**DIRECTIONS FOR THIS TASK**
Below this line are records; write out exactly the lines from the one containing "2023 Toyota RAV4 5th Gen - Image 7 of 21" through the one containing "Với áo lông", with the pictures left out.

EXERCISE DATA section start

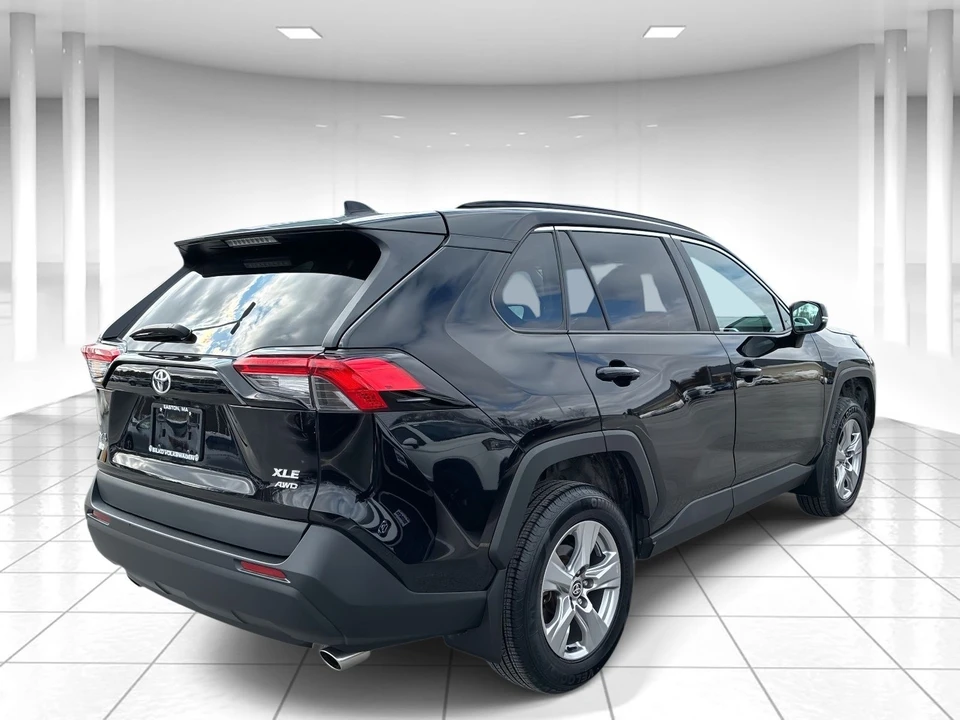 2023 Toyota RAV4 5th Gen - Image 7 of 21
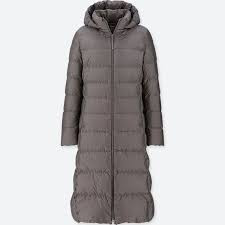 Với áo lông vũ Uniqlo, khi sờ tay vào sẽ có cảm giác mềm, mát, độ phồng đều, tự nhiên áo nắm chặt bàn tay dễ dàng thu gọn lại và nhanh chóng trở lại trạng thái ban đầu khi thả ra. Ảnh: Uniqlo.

EXERCISE DATA section end
EXERCISE DATA section start

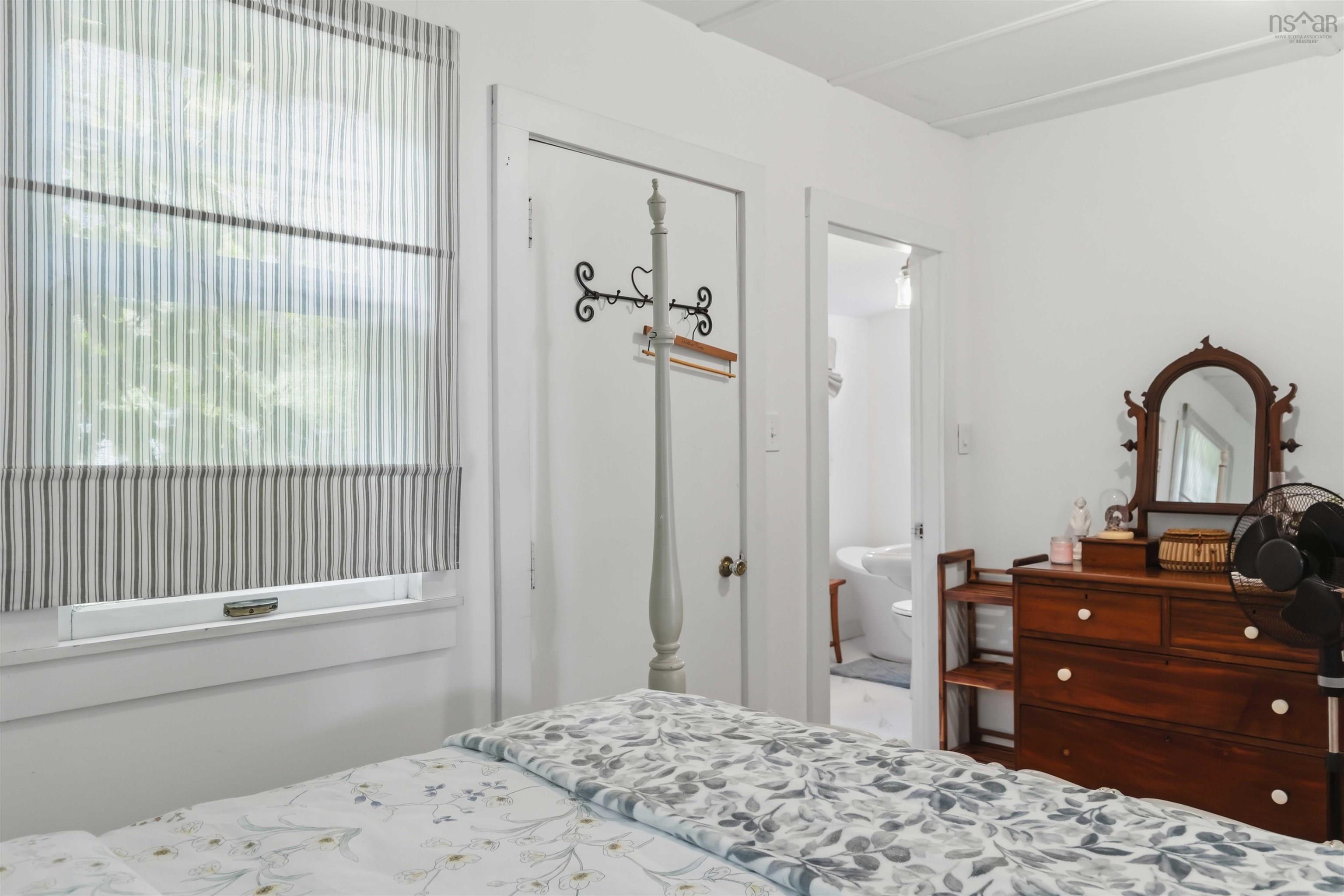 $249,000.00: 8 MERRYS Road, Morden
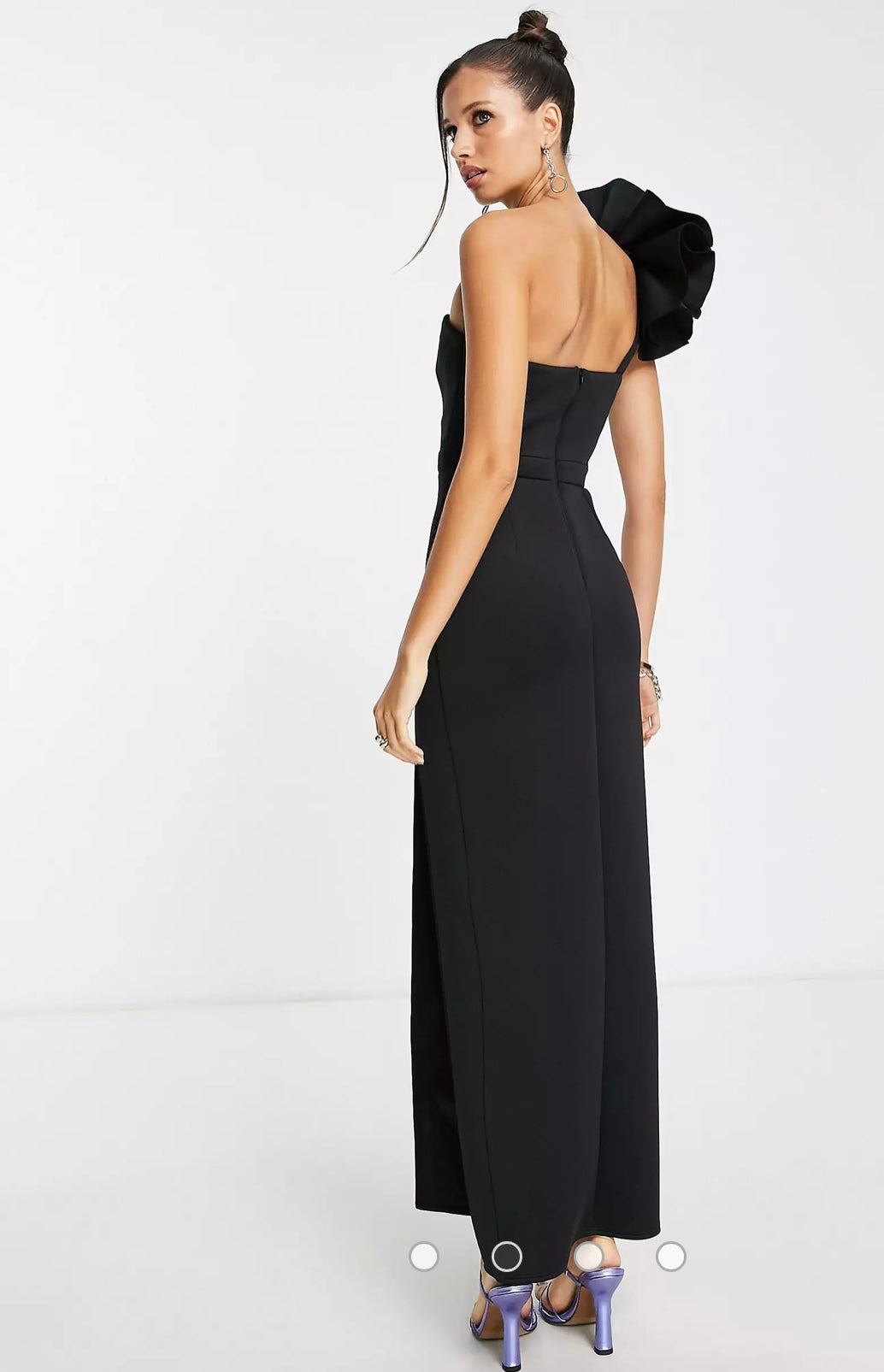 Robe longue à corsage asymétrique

EXERCISE DATA section end

**FINISHED TASK**
 2023 Toyota RAV4 5th Gen - Image 7 of 21
 Với áo lông vũ Uniqlo, khi sờ tay vào sẽ có cảm giác mềm, mát, độ phồng đều, tự nhiên áo nắm chặt bàn tay dễ dàng thu gọn lại và nhanh chóng trở lại trạng thái ban đầu khi thả ra. Ảnh: Uniqlo.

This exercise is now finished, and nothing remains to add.